RatesFederal Reserve as of 11 January 2021Bloomberg as of 13 January 2021 1:00 am AST
Federal Funds Rate0.080.08
Prime Rate3.253.25
3-month Treasury0.080.08
2-year Treasury0.140.14
10-year Treasury1.151.12
30-year Treasury1.881.87
Source: Federal Reserve, Bloomberg

House votes resolution asking Pence to use 25th amendment to remove Trump

Last night the U.S. House of Representatives passed the following House resolution in its attempts to remove President Donald Trump prior to the end of his term. House Res 21 reads as following:

This resolution calls upon Vice President Michael R. Pence (1) to immediately use his powers under section 4 of the Twenty-fifth Amendment to convene and mobilize the principal officers of the executive departments to declare that the President is unable to successfully discharge the duties and powers of his office, and (2) to transmit to the President pro tempore of the Senate and the Speaker of thHouse notice that he will be immediately assuming the powers and duties of the office as Acting President.

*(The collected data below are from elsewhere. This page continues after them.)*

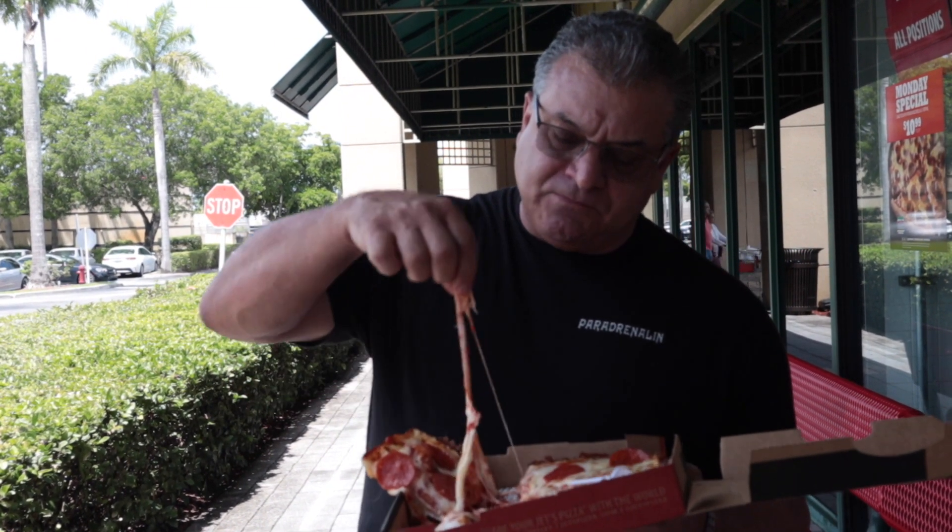Wow, I am pleasantly surprised. For a chain pizzeria, that is pretty, pretty damn good. The sauce is excellent, the cheese is excellent. Now, remember this is Detroit style, so you have to take that into account — this is not a typical New York style pizza, but we're reviewing all pizza.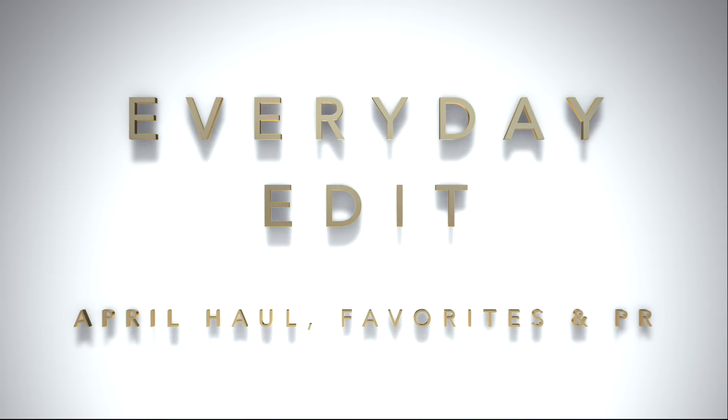Hi and thanks so much for joining me for my April Holland favorites. I've got some PR this time, so if you'd like to see that please keep watching. I'm starting with a bit of a controversial item. If you watch my channel, you know I don't really feature things that I don't like or criticize them too much, however in this case it's kind of a hot-button item and something I was actually looking forward to trying.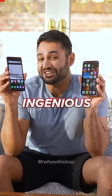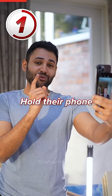Three ingenious smartphone life hacks. One, if you're taking photos of someone who's really particular with how they look, then also hold their phone back to back with yours so they can see themselves.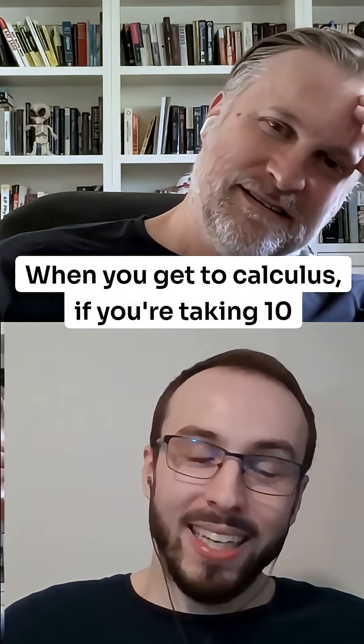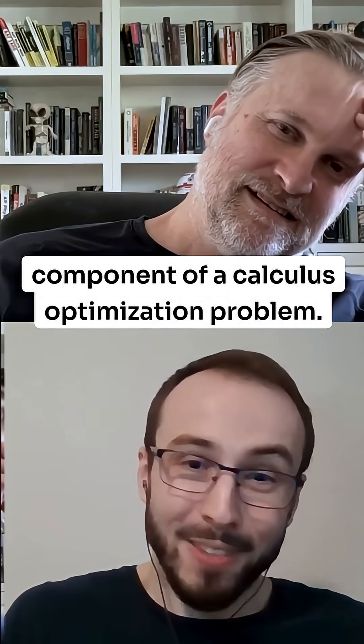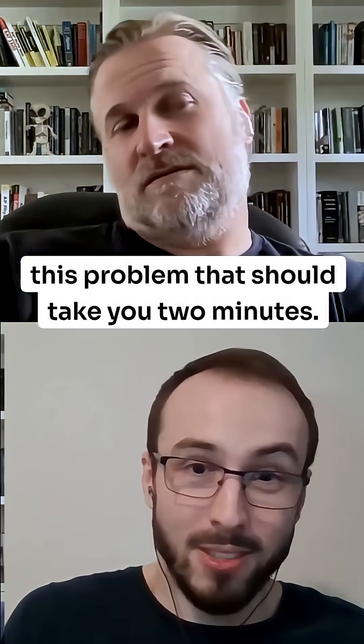When you get to calculus, if you're taking 10 minutes to factor a quadratic, that's only one component of a calculus optimization problem. You're going to be spending half an hour on a problem that should take you 2 minutes.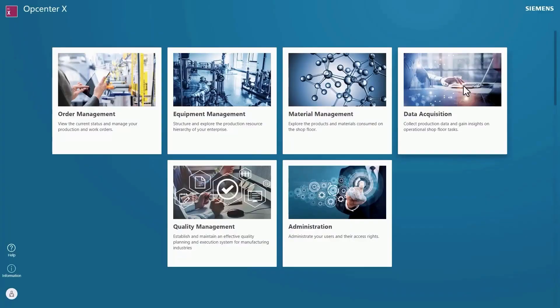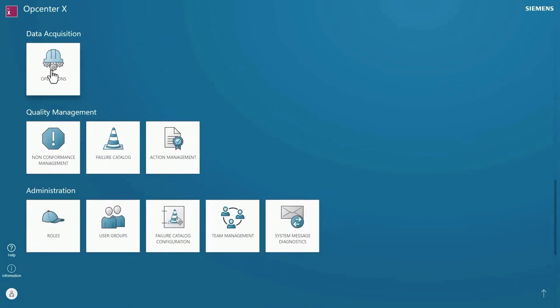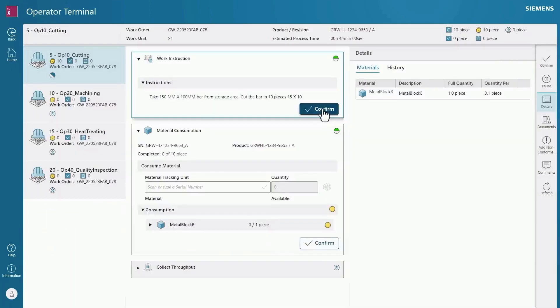But it hurts them. It isn't easy to use and it surely isn't flexible. Now, with Ops Center X, they can have all they need: production orders, execution, scheduling of operations and tracking work in process.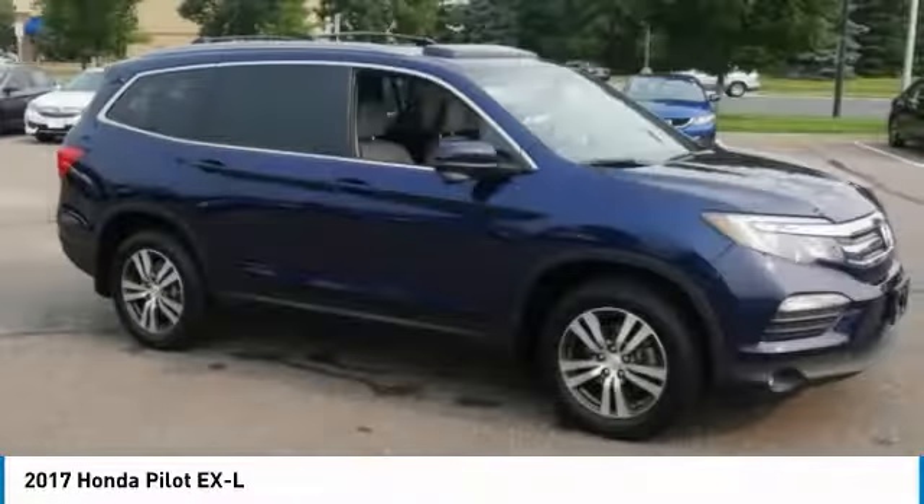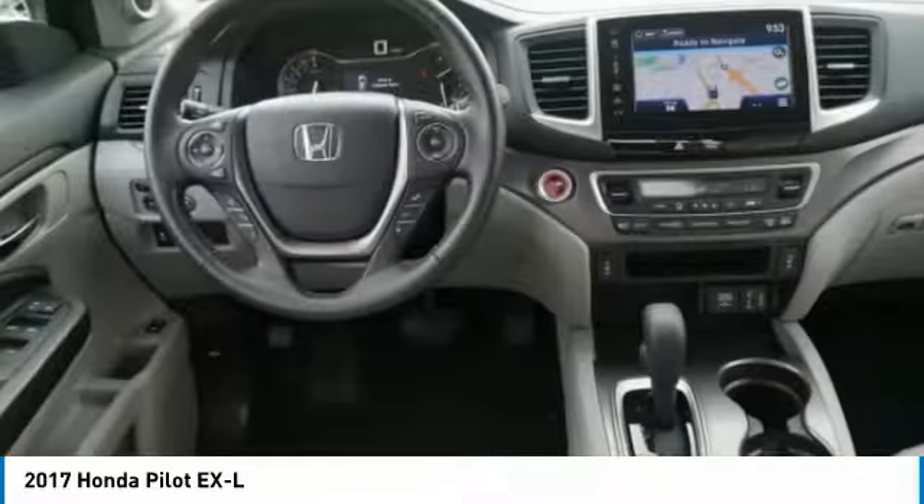A vehicle like this doesn't come along every day. Come in and get it before someone else does.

Vice-President Pence has reportedly said that he does not intend to invoke the 25th Amendment. This means that the House will likely move to the next stage of its strategy which is to vote articles of impeachment against Mr Trump. Given the Democrats majority in the House, passage is expected.

The articles of impeachment would then move to the Senate for a trial. Indications are that, unlike last year’s attempt to remove the President from office via impeachment where a Republican-controlled Senate voted not to remove the President, there may be enough support on the part of Senate Republicans to find Mr Trump liable for “high crimes and misdemeanors”, the standard under the U.S. Constitution for removal. Senate majority leader Mitch McConnell has signaled that Mr Trump’s behavior, where allegedly encouraged supporters to march last week on the Capitol, amounted to an impeachable offense.

The establishment wing of the Republican Party, now in damage control as a result of the storming of the Capitol by Trump supporters and the resulting deaths of five people, would like nothing more than to move on from the Trump era and start laying the groundwork for the 2022 mid-term elections.

I don’t expect impeachment actions to have any bearing on pending policy actions designed to impact the economy. With only seven days left until the change in government, attempts to remove Mr Trump are designed to score political points with an electorate, a significant amount of whom believe the actions of individuals storming the Capitol amounted to an insurrection attacking the country’s representative institutions of democracy.

How the regulator’s mindset may impact cryptocurrency …

An article today in Bloomberg discussing how a Biden administration would address the regulation of cryptocurrency has me putting myself in the place of the regulator. What is the U.S. Securities and Exchange Commission’s world view of digital assets? How will the Commodity Futures Trading Commission’s view toward regulation of exchanges evolve? Will the Board of Governors of the Federal Reserve System view the payment system aspect of cryptocurrency as a threat to the current national and global payment system regime or as a welcome supplement that brings more efficiency and transparency?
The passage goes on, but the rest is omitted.